**Description of the task**
Without the pictures, write the listing out again exactly as it appears.

**Dataset excerpt**

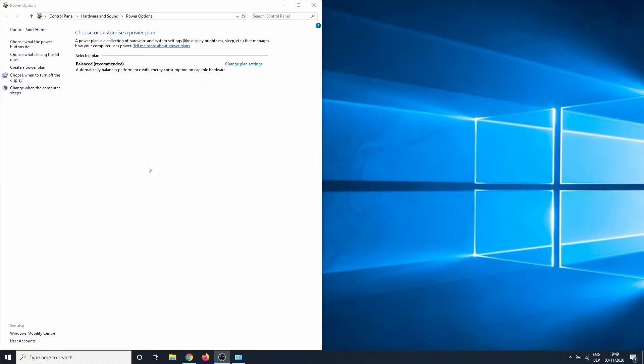This mode is meant for high-end desktops with users that want the best possible performance. However, you can activate it on any Windows 10 PC.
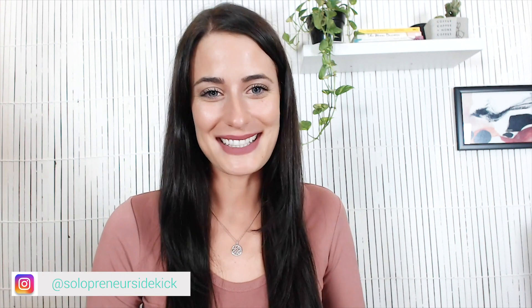Speaking of which, if you have not yet subscribed to this channel, make sure that you do. My name is Louise of solopreneursidekick.com and I put out new videos every single week to help you grow your online business.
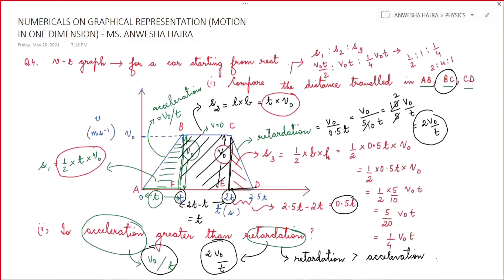While doing graphs, remember: slope of displacement-time graph gives velocity; slope of velocity-time graph gives acceleration; and area under the velocity-time graph gives the distance or displacement.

**Answer box**
This mode is meant for high-end desktops with users that want the best possible performance. However, you can activate it on any Windows 10 PC.
Speaking of which, if you have not yet subscribed to this channel, make sure that you do. My name is Louise of solopreneursidekick.com and I put out new videos every single week to help you grow your online business.
While doing graphs, remember: slope of displacement-time graph gives velocity; slope of velocity-time graph gives acceleration; and area under the velocity-time graph gives the distance or displacement.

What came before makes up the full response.